# Juwel Rio 125 flow issue



## pitom (29 Apr 2015)

Hi,
I have a 3 week old aquarium. Here are the photos:
https://plus.google.com/photos/1065...s/6140906371010790929?authkey=CKiU16H3uqGKtwE

For a couple of days now, there are issues with plants melting, mostly in two areas. First one is in the back left behind the driftwood with microsorum - I have Ludwigia arcurata there and it melted in about a 10 cm patch. I left them to see if they recover, but then turned black and started to rot. The second one is on the surface  near the filter base - area behind the white rock. I have Rotala sp. bonsai there and it also melts. Going through information on this forum I understand this is lack of adequate water flow in these areas.

You can see the filter outlet in the link, now I have turned it a bit down so that the flow is against the mid center of the front glass. Water is sucked into the filter from the top of the filter housing. I think it would be better if the inlet is in the bottom, but that's the way the filter is designed.

What are my best options without investing in additional filter?
- change filter pump from 600 l/h to 1000 l/h
- add a circulation pump or another internal - near the current filter or maybe in the other corner? Where should the outlet point?
- install a spray bar on the back wall - I fear the flow will not be enough if it is split to many holes in a spray bar
- increase height of substrate in the back?
- any other ideas?

Thanks!


----------



## EnderUK (30 Apr 2015)

My roma 125 has a 1000lph filter and a 900lph powerhead pretty much in the same area the back right hand side. 1000lph really isn't enough for this tank as it won't power a spray bar properly and if you're not using a spray back you need to power the water across the whole tank with enough force to send the returning flow along the bottom of the tank.


----------



## Sacha (30 Apr 2015)

I have the same tank (Juwel Rio 125). I upgraded to a 1000 lph internal pump which is connected to a spray bar. I also have an external 1400lph filter connected to a second spray bar. 

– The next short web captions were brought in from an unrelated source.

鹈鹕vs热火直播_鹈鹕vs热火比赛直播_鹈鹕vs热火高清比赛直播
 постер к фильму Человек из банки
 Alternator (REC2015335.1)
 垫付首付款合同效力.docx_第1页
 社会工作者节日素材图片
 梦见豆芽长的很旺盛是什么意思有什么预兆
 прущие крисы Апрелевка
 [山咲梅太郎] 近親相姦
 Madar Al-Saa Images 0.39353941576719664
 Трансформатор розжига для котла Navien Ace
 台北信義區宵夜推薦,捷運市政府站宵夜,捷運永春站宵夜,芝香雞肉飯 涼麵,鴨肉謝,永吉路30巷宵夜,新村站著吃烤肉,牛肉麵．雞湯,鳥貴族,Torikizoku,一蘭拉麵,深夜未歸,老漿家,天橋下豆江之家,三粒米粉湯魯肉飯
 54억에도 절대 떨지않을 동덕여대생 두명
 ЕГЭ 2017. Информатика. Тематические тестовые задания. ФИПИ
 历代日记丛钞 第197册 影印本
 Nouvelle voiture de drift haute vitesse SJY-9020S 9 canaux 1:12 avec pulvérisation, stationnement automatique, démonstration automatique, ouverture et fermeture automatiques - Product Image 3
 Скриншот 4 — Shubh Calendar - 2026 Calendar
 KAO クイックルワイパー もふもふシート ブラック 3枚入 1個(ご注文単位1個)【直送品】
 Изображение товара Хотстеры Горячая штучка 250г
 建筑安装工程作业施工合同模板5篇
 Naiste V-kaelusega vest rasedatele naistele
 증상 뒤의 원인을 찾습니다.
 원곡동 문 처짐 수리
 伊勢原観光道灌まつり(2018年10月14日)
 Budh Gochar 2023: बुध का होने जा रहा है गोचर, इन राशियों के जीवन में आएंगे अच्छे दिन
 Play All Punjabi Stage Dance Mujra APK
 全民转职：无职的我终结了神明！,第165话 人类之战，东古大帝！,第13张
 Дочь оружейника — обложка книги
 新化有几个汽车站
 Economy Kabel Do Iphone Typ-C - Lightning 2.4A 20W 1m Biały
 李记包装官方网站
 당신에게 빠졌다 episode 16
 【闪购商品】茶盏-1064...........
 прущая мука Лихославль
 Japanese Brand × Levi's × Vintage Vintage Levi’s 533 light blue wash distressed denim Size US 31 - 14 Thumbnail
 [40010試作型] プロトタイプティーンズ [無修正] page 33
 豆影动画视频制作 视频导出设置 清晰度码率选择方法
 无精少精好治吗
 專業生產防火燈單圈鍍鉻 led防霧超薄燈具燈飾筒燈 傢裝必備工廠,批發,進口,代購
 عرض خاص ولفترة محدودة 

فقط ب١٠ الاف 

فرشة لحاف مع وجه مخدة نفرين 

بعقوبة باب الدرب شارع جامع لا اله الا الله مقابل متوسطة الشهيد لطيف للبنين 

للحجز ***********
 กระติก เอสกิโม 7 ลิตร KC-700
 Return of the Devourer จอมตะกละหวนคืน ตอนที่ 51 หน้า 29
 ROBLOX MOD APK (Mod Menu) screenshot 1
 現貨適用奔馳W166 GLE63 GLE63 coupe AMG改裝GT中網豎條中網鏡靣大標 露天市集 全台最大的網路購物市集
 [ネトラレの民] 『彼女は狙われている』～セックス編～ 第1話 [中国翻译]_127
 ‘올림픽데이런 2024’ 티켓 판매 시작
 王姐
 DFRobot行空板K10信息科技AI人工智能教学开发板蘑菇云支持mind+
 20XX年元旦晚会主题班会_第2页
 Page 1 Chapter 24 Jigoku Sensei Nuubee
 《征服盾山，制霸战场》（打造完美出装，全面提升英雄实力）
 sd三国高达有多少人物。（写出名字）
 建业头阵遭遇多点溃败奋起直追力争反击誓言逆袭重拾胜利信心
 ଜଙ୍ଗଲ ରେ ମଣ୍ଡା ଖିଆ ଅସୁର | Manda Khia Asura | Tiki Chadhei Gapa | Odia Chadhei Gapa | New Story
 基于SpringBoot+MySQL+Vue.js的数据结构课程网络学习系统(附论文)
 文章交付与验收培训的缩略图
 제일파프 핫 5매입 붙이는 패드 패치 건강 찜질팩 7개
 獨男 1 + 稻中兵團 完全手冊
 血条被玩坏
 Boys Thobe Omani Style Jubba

In a high-tech tank, you're going to need a spray bar. If an external is out of the question, then upgrade to a 1000 lph internal and attach a spray bar to the outlet.


----------



## pitom (30 Apr 2015)

Thanks! I will upgrade the pump then and attach a spray bar as the first step - do you know which standard spray bar will fit? 9/12 or 12/16 or 16/22? I understand that in order to connect it to Juwel outlet I will need a short piece of hose with inside diameter matching outside diameter of the spray bar and Juwel outlet?


----------



## Sacha (30 Apr 2015)

I got a 12/16 TetraTec spray bar and I could attach it to the outlet without any additional modifications.


----------



## ian_m (30 Apr 2015)

Read the links below about my attempts to make a spray bar on the Juwel pump outlet and issues with using 1000l/hr pump head with such a small filter.
Juwel Bioflow filters in Planted Tanks...Need Help!

Juwel Bioflow filters in Planted Tanks...Need Help!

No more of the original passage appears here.